On May 21, 2018, my wife and I visited the former residence of Shigeru Yoshida in Oiso, Kanagawa prefecture, which is about 60 km south west of downtown Tokyo facing the Pacific Ocean. Taking this opportunity let me explain briefly who he was and what he did. He was short, wore glasses and oft-times seen with a cane and a cigar in hand. He has been described as both stubborn and arrogant though humorous who was determined to rebuild Japan and stood up to the occupying forces when necessary. But he was detested by his political opponents within and outside of the ruling party, simply because Yoshida did not show any respect for “old” political ways and means.

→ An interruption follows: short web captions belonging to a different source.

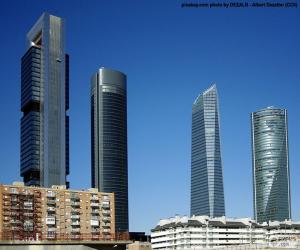 Układanka Cztery wieże Madrid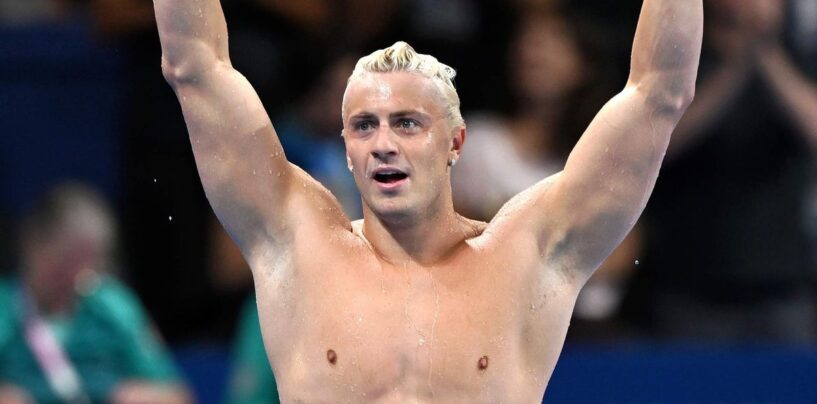 L'olympien Nicolò Martinenghi porte un Speedo serré lors d'une campagne détrempée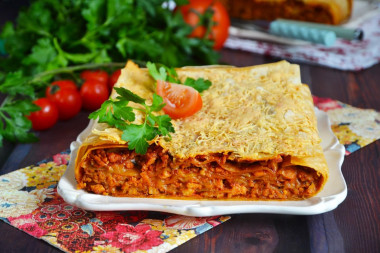 Lazy lavash lasagna with minced meat in the oven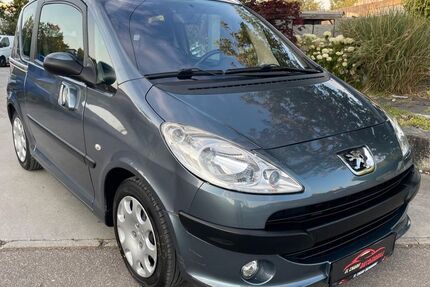 Peugeot 1007 Gebrauchtwagen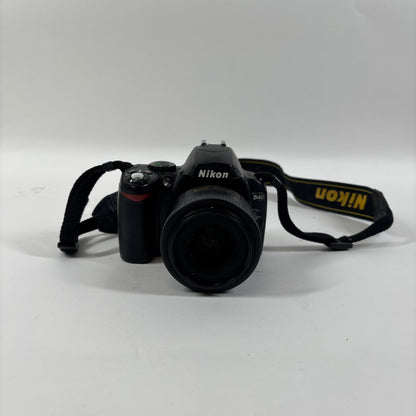 Nikon D40 6.1MP DSLR Camera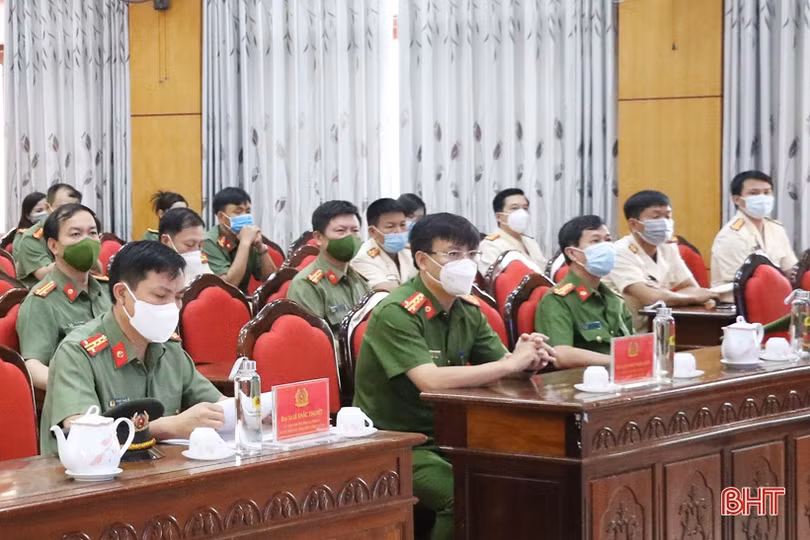 Công an Hà Tĩnh công bố quyết định điều động, bổ nhiệm 5 vị trí trong lực lượng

He was born to a rich family and became a career diplomat, serving several positions in China, before becoming in turn the deputy foreign minister, then the ambassador to Italy, followed by ambassador to the United Kingdom. He retired from diplomatic services just before the start of the war. When the war ended in 1945, he became foreign minister for a short period and then prime minister five times from 1948 to 1954. During his tenure, Yoshida elaborately set up a political inner group to which young and talented politicians, mostly ex-bureaucrats, were drawn. This inner group became the main stream of conservatives that kept power for decades.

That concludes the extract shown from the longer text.